Двойре уже более смело глядит на меня широко раскрытыми серыми глазами. Она, видимо, сильно взволнована: по ее большой мягкой груди замечаю учащенное дыхание.
– Почему меня должна пугать Америка? – тихо переспрашивает она и добавляет: – Я круглая сирота, и для меня весь мир – родина…
Двойре из шитья берет маленький обрезок и прикладывает его к глазам. В это время входит Хане.
– Уже плачет… Ах, это мое несчастие… Она живет на белом свете одна… Живет подобно камню в пустыне… Вы, кажется, тоже сирота?..
– Да, у меня мать умерла, когда я еще был маленьким, – отвечаю я и поднимаюсь с места.
– Вы куда? – с некоторой тревогой в голосе спрашивает хозяйка.
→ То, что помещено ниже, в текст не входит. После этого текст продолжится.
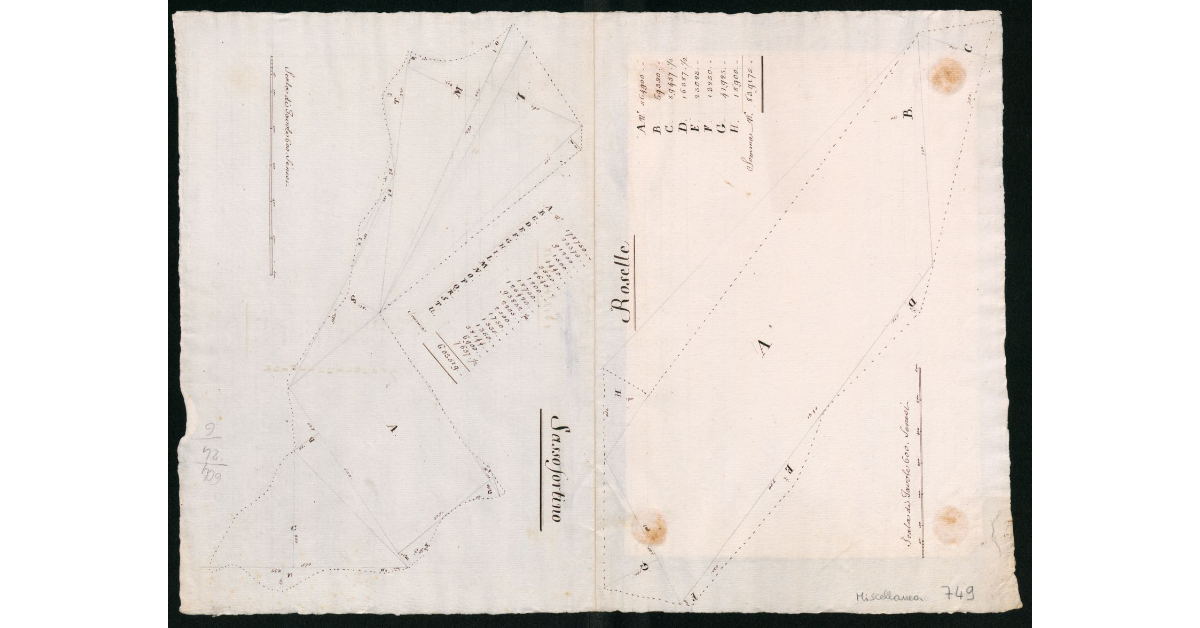 [Disegni dei confini della dogana di Roselle e Sassofortino]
– Мне обязательно надо… Ведь я Перельмана запер… Проснется – придет в ярость…
– Это, положим, правда: не надо живого человека запирать на замок. Мало ли что может случиться… Но вы должны все-таки с ним поговорить. Он не имеет права вас держать в заключении… Знаете что, – спохватывается Хане, я сама с ним поговорю. Завтра же пойду и и скажу ему. Ку, а теперь пойдемте, я вас немножко провожу. А вы, Двойре, не будьте слишком скромны, встаньте и подайте молодому человеку руку, как это делается среди настоящих аристократов.
Когда Двойре встает, она окончательно перестает мне нравиться. Большое мясистое туловище и короткие толстые ноги делают ее неуклюжей.
Хозяйка провожает меня до полдороги, безостановочно говорит о Двойре, всячески восхваляя ее.
– Вы себе представить но можете, какая она замечательная девушка. Что она честная – за это я вам головой ручаюсь, но у нее, кроме того, еще и золотые руки… Она шьет белье, платья, шляпки… Это же на редкость хозяйка… Во всем Ковно трудно найти такую… Она печет хале, так каждая булочка легче воздуха… Но что я вам буду долго рассказывать… Двойре-бриллиантовая невеста… Поверьте мне, вы будете с ней счастливы, как в раю…
Я молчу. Я смущен: впервые попадаю в положение жениха. Хочу понять все это, осмыслить, но Хане вздохнуть не дает. Говорит, говорит без конца.
Перельман снова становится нормальным человеком.
С богом он больше уже не борется, а ко мне относится с большой заботливостью и вниманием. Сегодня он заказывает для меня высокие русские сапоги. Он сам тоже такие носит. А когда приходит Хане, он просит отдать кому-иибудь сшить для меня две смены белья.
– Ой, так что же я могу сейчас сделать. Вы знаете дочь покойного Менделе Нехамеса? Ее зовут Двойре. Так она же ему сошьет белье, как для принца… Только я хочу вас, реб Шолэм, просить отпустить этого молодого человека на завтра вечером… У меня будет Двойре, и она с него мерку снимет.
Перельман не возражает и даже дает Хане два рубля на материал.
Ночью я долго думаю о себе, о Двойре, а больше всего об Америке. Моя мечта может быть осуществлена. Мысленно я уже по ту сторону океана, вижу и даже живу в громадном американском городе Нью-Йорке… Купаюсь в океане и говорю по-английски… Да, я могу стать счастливым человеком, если бы не Двойре… Она – главное препятствие. Мысль, что могу жениться на этой незнакомой девушке, меня приводит в трепет… Боюсь связать свою судьбу с этой сиротой… Она мне ничуть не нравится…
В назначенный вечер иду к Хане. Прохожу через ночлежку в комнату хозяйки. И конечно застаю Двойре. Она одета по-праздничному. Желтая кофта, туго застегнутая на груди маленькими костяными пуговками, синяя юбка, оттеняющая крутые бедра, и круглое, полнощекое лицо производят на меня удручающее впечатление. Непонятное чувство отчужденности вызывает во мне широкогубый рот и влажные колечки на большом выпуклом лбу. Двойре, наученная свахой, встречает меня с жеманной улыбкой и, здороваясь со мной, немного трясет мою руку.
Хозяйка не дает нам опомниться и говорит за двоих.